After the New Jersey hedge fund Chatham Asset Management acquired a two-thirds stake in Postmedia in 2016, the newspaper chain cut costs by closing papers across Canada, laying off hundreds of journalists, cutting the salaries and benefits of those who remained and centralizing its news operations while paying its top executives millions of dollars in bonuses.
Steuter predicts readers will see a lot more news and editorial content from Ontario in New Brunswick’s papers with fewer journalists reporting the news here.
At the same time, however, she says her extensive research on the Irving papers has painted a disturbing picture.
“New Brunswickers have been very poorly served by the Irving family’s ownership of the print media in our province,” she says.
“The coverage has been very, very self-serving and it promoted the interests of the Irving businesses, usually at the expense of the workers of the province, the taxpayers of the province and environmental issues.”
Fire sale prices
The Postmedia announcement said the company was acquiring the Irving papers, along with its digital outlets and parcel delivery business, for $7.5 million in cash and $8.6 million in voting shares.
“That is a fire sale price to me,” says journalist Jacques Poitras.
“That tells me something about how much the company was worth or not worth,” he adds.
Philip Lee, who teaches journalism at St. Thomas University in Fredericton, agrees.
“I think if you valued those publications 20 years ago, it would have been a much different picture,” he says.
Lee, who worked for the Telegraph-Journal in the 1990s, says the Irvings kept daily papers in each of the province’s three biggest cities because of their concerns about federal combines investigations dating from the 1970s.
He explains that the papers operated independently and competed with each other, but that has changed in recent years with more sharing of resources.
“But, I’m sure that Postmedia will be asking questions about how many publications New Brunswick needs,” he says, adding that the province may end up with only one daily paper.

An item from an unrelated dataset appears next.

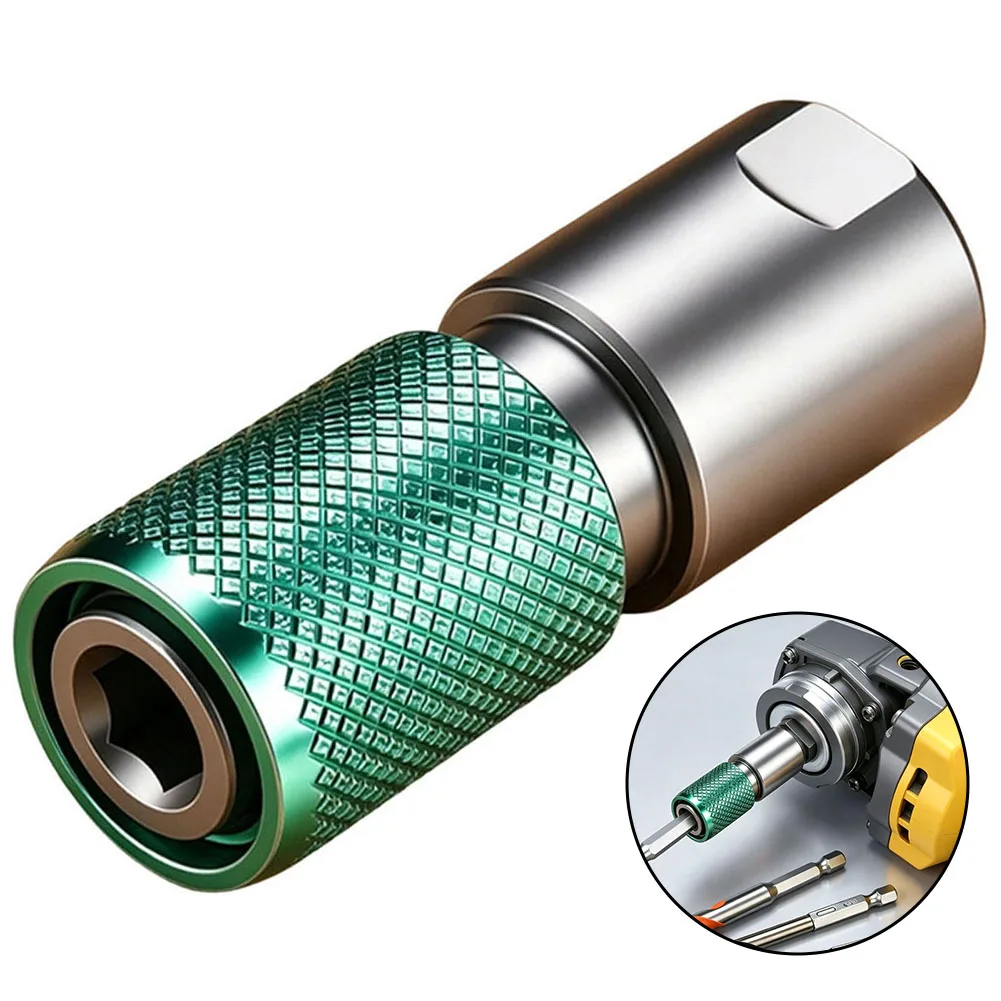 Angle Grinder Adapter with For M10 Thread and 6.35mm Hex Port Fits For 100mm Grinder Bodies and Supports Multiple Disc Types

Julian Walker, author of the recent book Wires Crossed: Memoir of a Citizen & Reporter in the Irving Press, says he’s glad the Irvings have finally got the message that the newspaper business is no longer profitable for them.
He points out that their other major companies are all international competitors, while their provincial papers only generated bad publicity because of the Irving monopoly.
“Their status in owning virtually all the newspapers and many radio stations had become untenable for what is such a large and important series of corporations in New Brunswick and I think they were maybe tired of being tarnished by this media problem they had,” Walker says.
“I think it’s good to make a separation between the media and the rest of the economy or industry.”